_Source material_:
▬▬▬▬▬▬

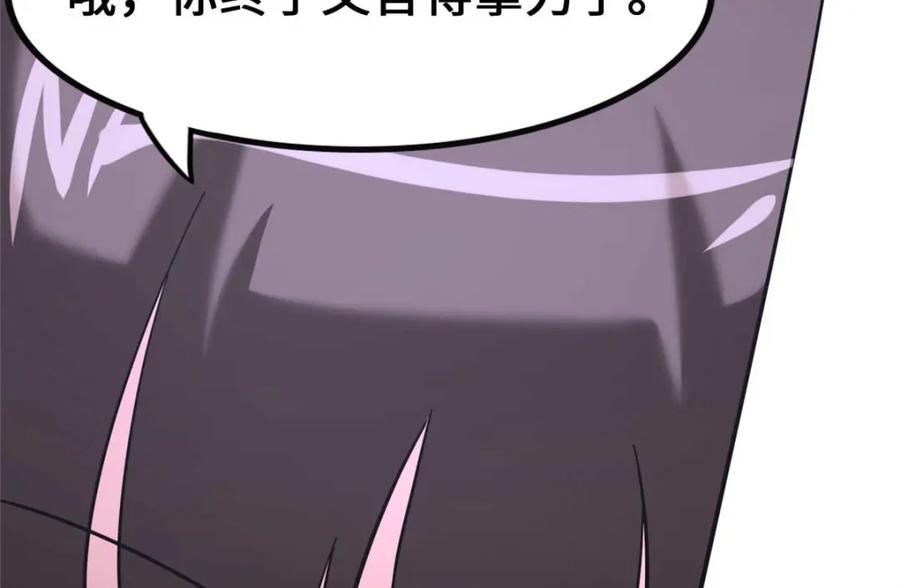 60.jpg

▬▬▬▬▬▬

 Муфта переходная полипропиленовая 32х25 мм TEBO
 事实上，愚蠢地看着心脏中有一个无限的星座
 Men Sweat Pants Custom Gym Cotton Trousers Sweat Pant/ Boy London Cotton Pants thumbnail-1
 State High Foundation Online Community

▬▬▬▬▬▬

Copy only this part of the entries above: the line with "Муфта переходная полипропиленовая", the line with "State High Foundation Online Community", and the lines between, all exactly as written.

_Exercise answer_:
 Муфта переходная полипропиленовая 32х25 мм TEBO
 事实上，愚蠢地看着心脏中有一个无限的星座
 Men Sweat Pants Custom Gym Cotton Trousers Sweat Pant/ Boy London Cotton Pants thumbnail-1
 State High Foundation Online Community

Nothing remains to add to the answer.